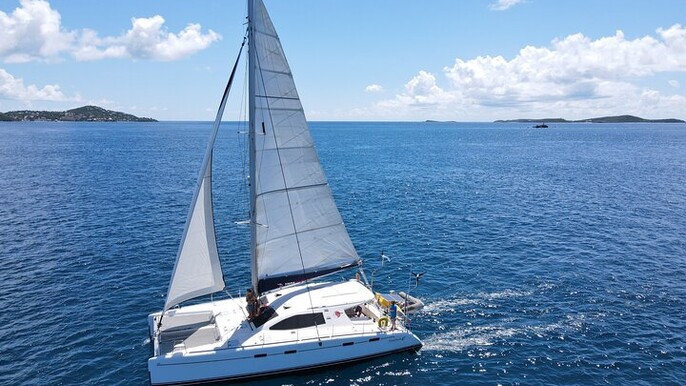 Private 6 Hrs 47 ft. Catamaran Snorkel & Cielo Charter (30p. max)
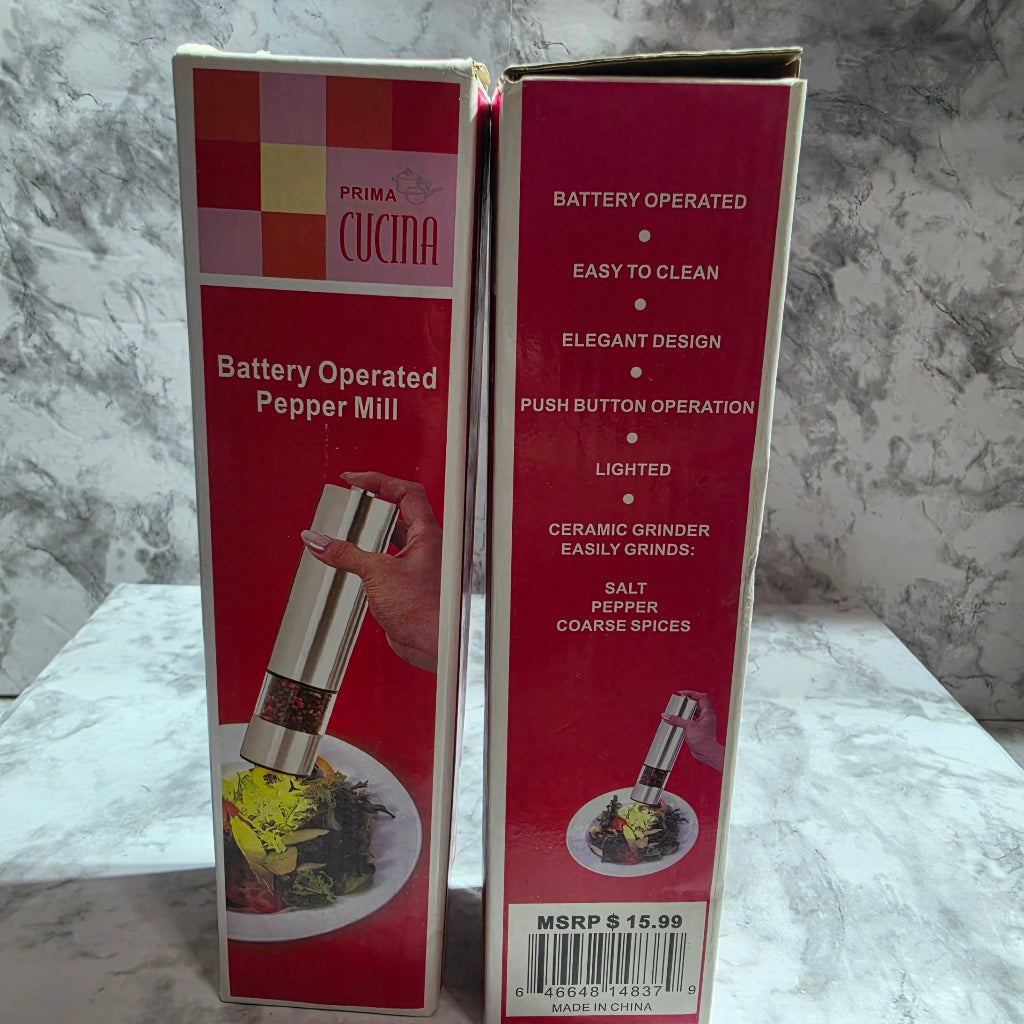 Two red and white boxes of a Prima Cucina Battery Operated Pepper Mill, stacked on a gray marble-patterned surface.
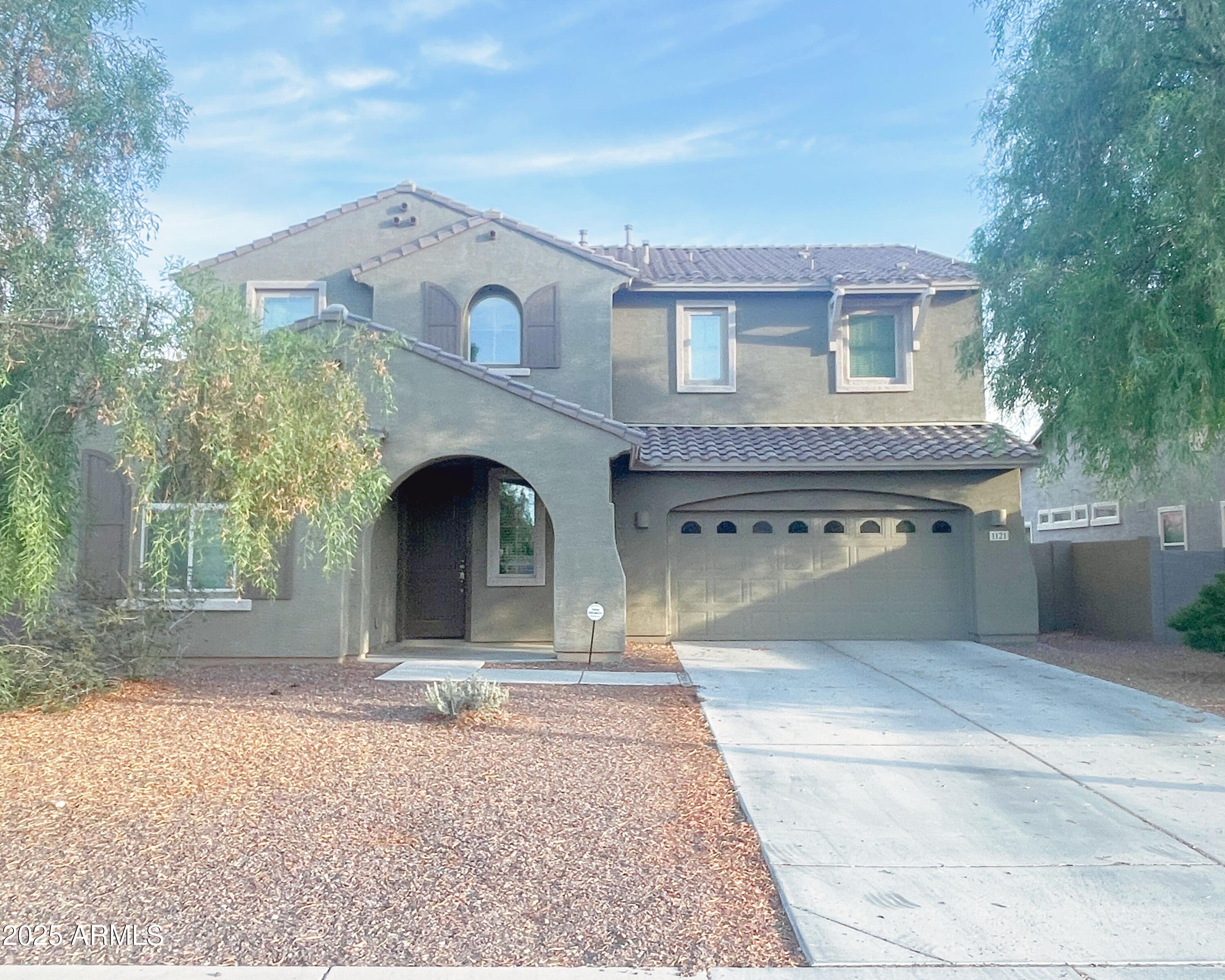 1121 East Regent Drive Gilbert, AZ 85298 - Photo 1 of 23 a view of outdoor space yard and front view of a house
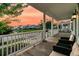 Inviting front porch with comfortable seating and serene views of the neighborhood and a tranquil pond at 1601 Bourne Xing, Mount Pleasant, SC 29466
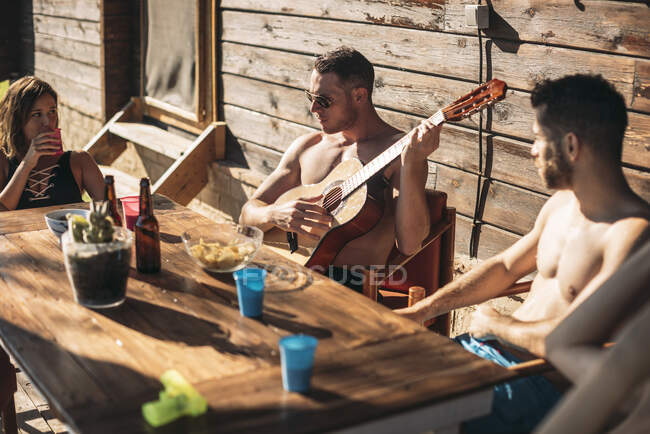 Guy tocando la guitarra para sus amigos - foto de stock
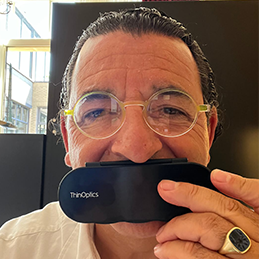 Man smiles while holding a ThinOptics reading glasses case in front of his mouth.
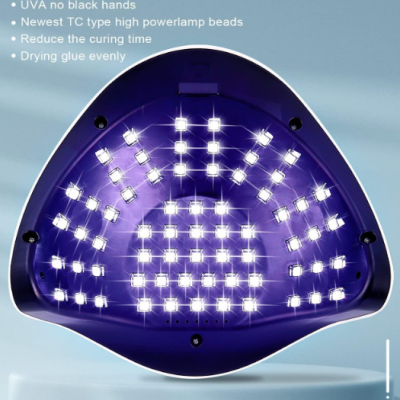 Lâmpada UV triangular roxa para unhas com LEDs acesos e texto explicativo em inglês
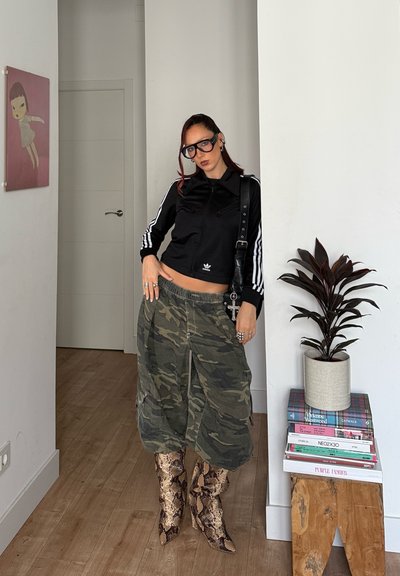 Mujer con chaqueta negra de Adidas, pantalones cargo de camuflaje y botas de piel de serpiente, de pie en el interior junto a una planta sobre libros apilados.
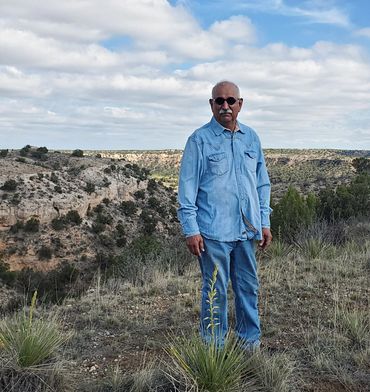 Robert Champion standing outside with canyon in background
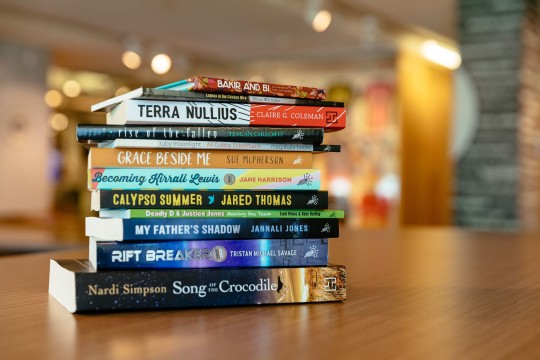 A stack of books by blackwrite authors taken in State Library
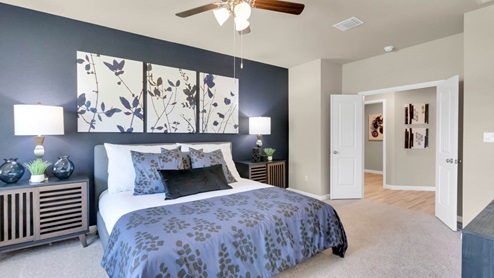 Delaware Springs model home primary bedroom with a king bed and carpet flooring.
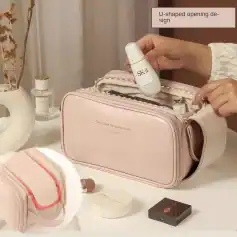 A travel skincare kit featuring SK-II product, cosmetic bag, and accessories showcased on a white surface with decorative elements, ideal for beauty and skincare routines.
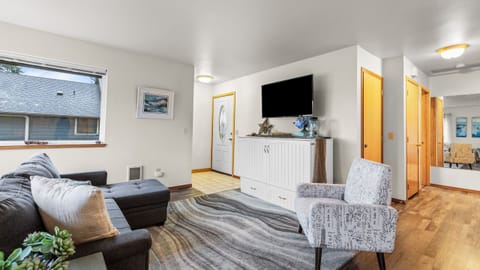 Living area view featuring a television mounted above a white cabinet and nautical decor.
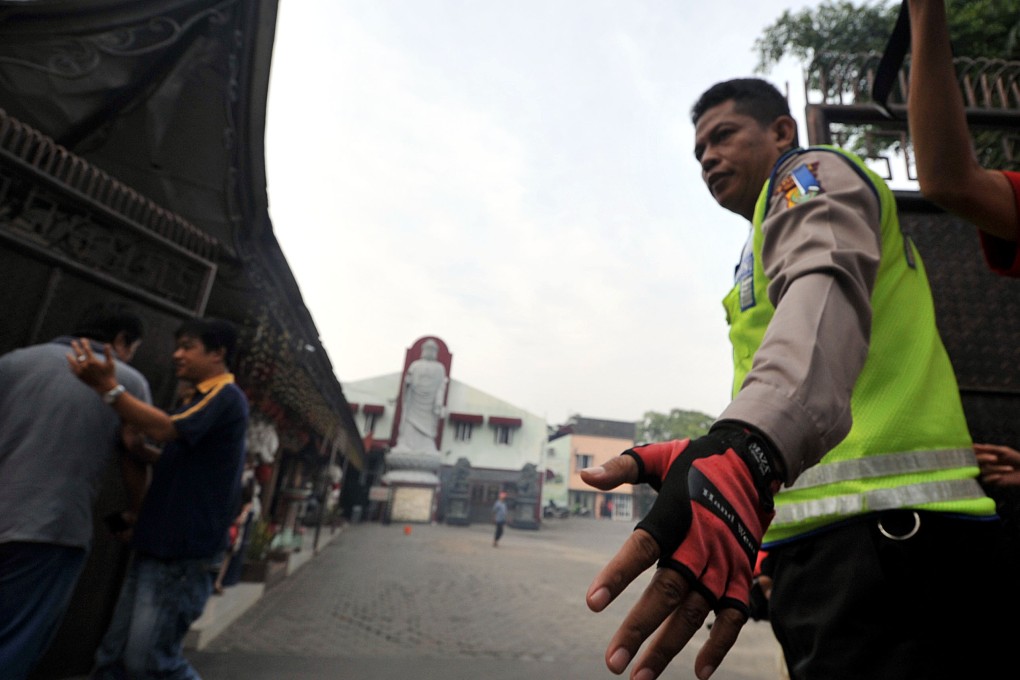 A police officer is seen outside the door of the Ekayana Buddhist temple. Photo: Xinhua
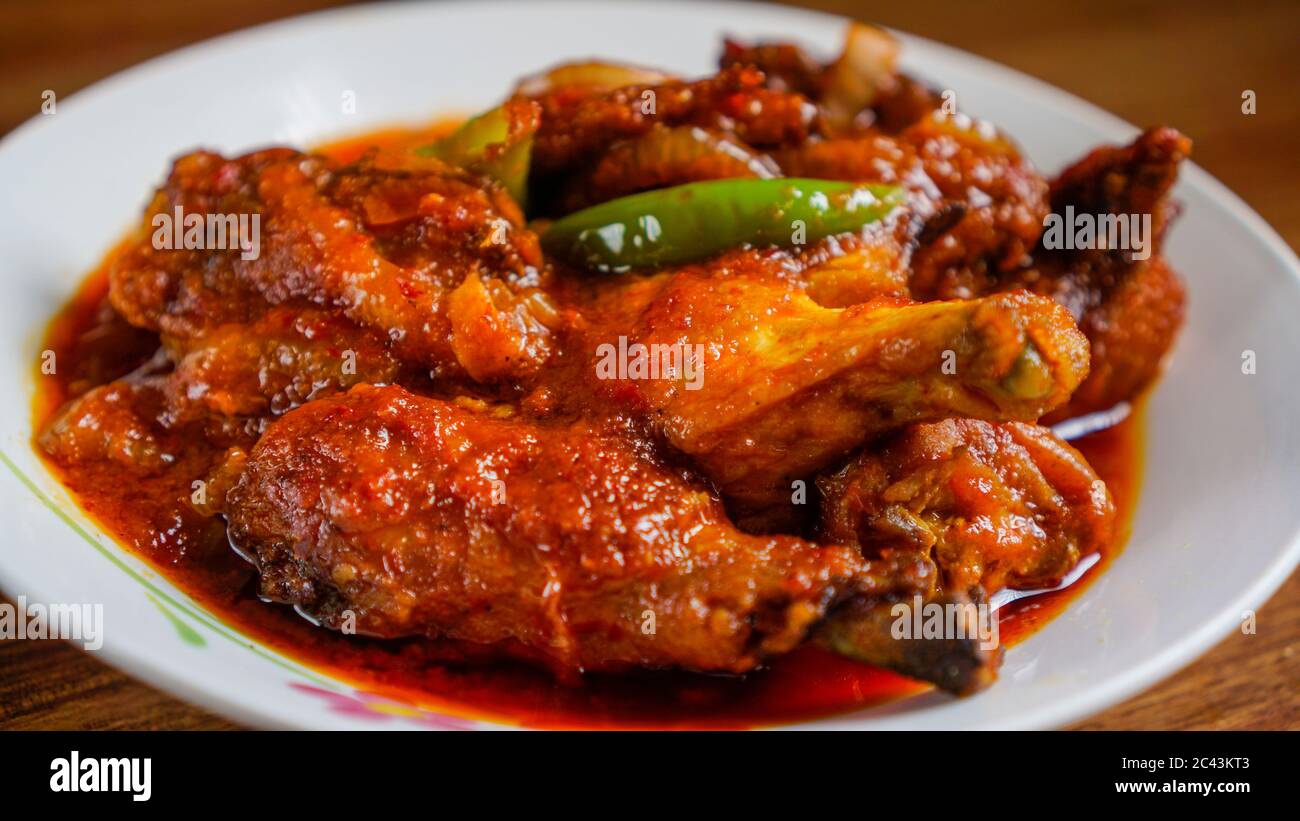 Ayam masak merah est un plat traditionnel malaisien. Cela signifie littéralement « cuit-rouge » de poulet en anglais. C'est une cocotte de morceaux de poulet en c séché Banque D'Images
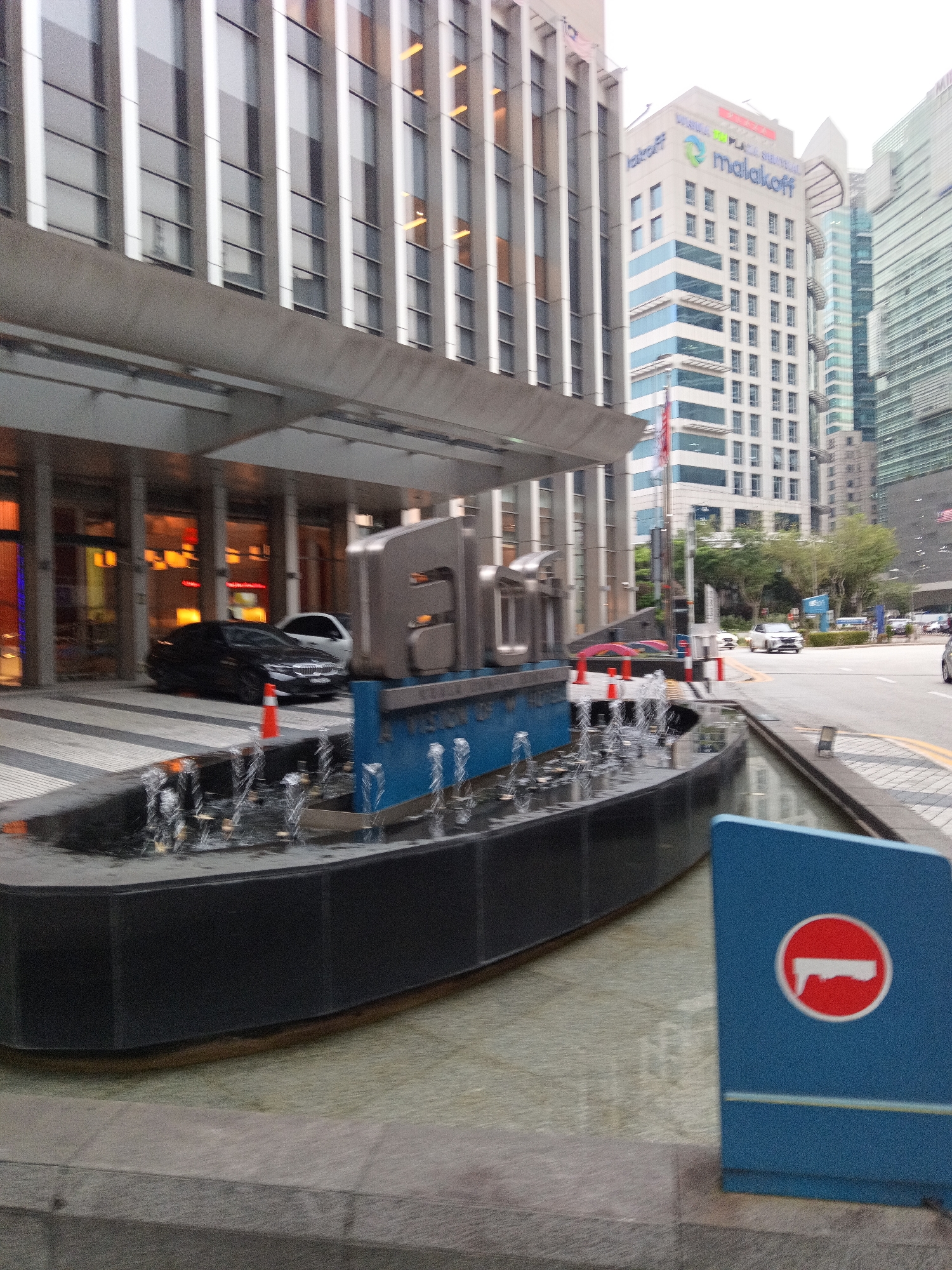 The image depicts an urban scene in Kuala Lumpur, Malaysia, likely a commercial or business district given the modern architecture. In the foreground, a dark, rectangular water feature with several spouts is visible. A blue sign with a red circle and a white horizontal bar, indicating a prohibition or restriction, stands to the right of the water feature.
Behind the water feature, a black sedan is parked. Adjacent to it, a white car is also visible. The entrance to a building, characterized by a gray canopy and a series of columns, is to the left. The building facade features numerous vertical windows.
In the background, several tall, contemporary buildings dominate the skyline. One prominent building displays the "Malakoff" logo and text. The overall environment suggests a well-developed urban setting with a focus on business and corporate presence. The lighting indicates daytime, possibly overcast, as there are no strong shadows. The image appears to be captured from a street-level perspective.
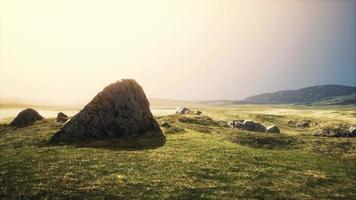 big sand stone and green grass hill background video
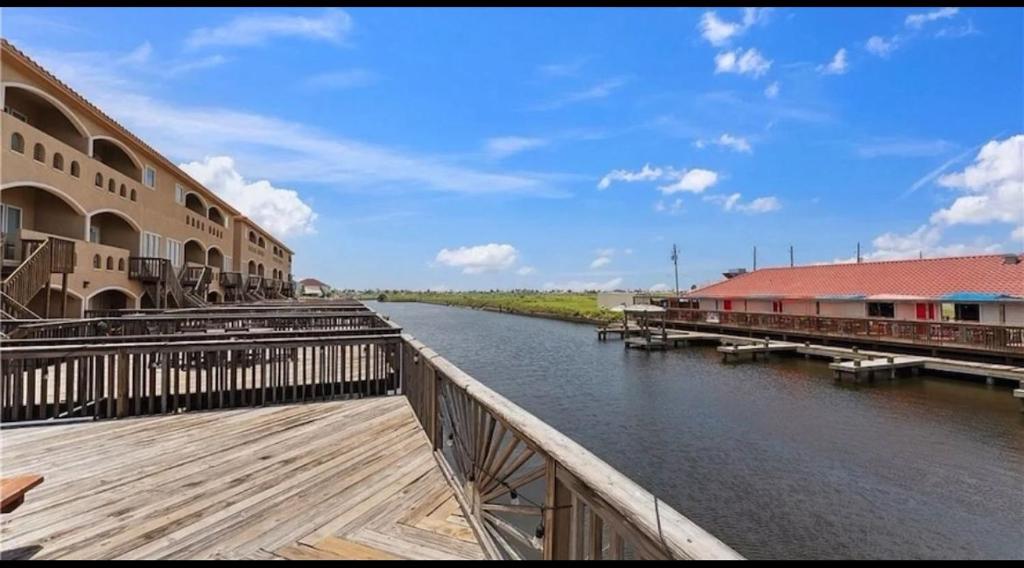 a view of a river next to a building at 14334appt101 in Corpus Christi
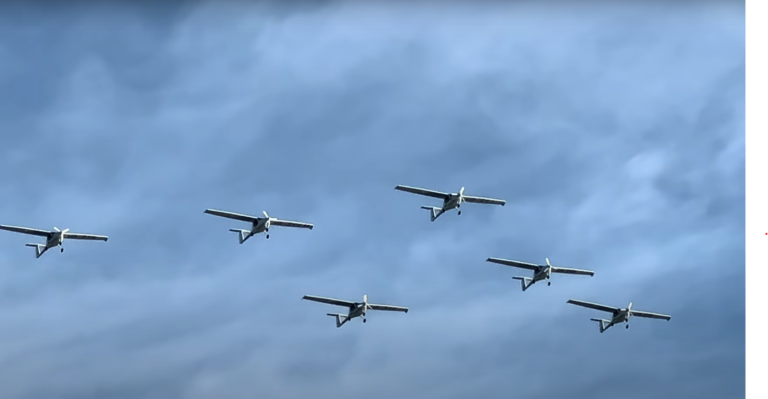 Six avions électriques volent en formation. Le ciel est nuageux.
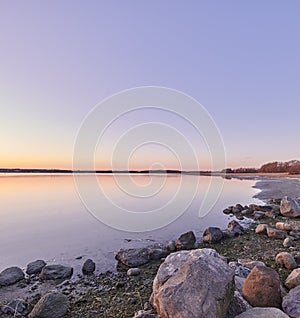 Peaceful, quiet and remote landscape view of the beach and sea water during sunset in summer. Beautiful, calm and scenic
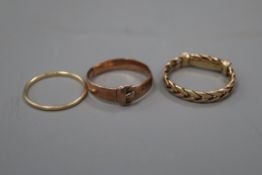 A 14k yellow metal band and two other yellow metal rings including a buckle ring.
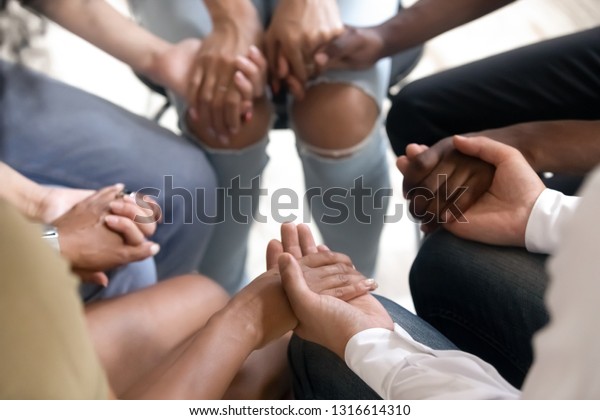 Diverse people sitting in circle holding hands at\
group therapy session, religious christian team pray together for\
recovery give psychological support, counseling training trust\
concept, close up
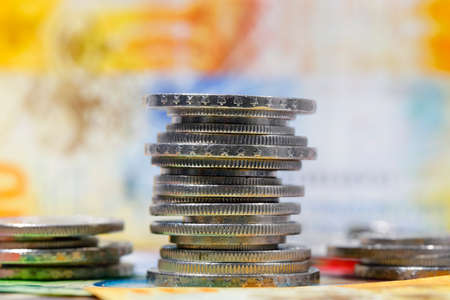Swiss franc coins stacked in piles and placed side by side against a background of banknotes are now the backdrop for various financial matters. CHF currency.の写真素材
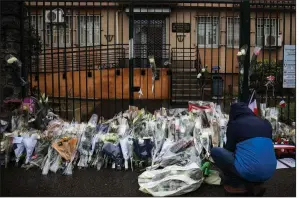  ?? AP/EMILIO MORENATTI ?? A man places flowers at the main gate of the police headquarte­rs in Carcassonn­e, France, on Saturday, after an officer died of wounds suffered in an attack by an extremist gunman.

◇ ◇ ◇ ◇ ◇

#### AIM OF THE EXERCISE
The answer must be an exact copy of the lines from the start of the records above through the line containing "Delaware Springs model", with no pictures in it.

#### RESULT BELOW
 Private 6 Hrs 47 ft. Catamaran Snorkel & Cielo Charter (30p. max)
 Two red and white boxes of a Prima Cucina Battery Operated Pepper Mill, stacked on a gray marble-patterned surface.
 1121 East Regent Drive Gilbert, AZ 85298 - Photo 1 of 23 a view of outdoor space yard and front view of a house
 Inviting front porch with comfortable seating and serene views of the neighborhood and a tranquil pond at 1601 Bourne Xing, Mount Pleasant, SC 29466
 Guy tocando la guitarra para sus amigos - foto de stock
 Man smiles while holding a ThinOptics reading glasses case in front of his mouth.
 Lâmpada UV triangular roxa para unhas com LEDs acesos e texto explicativo em inglês
 Mujer con chaqueta negra de Adidas, pantalones cargo de camuflaje y botas de piel de serpiente, de pie en el interior junto a una planta sobre libros apilados.
 Robert Champion standing outside with canyon in background
 A stack of books by blackwrite authors taken in State Library
 Delaware Springs model home primary bedroom with a king bed and carpet flooring.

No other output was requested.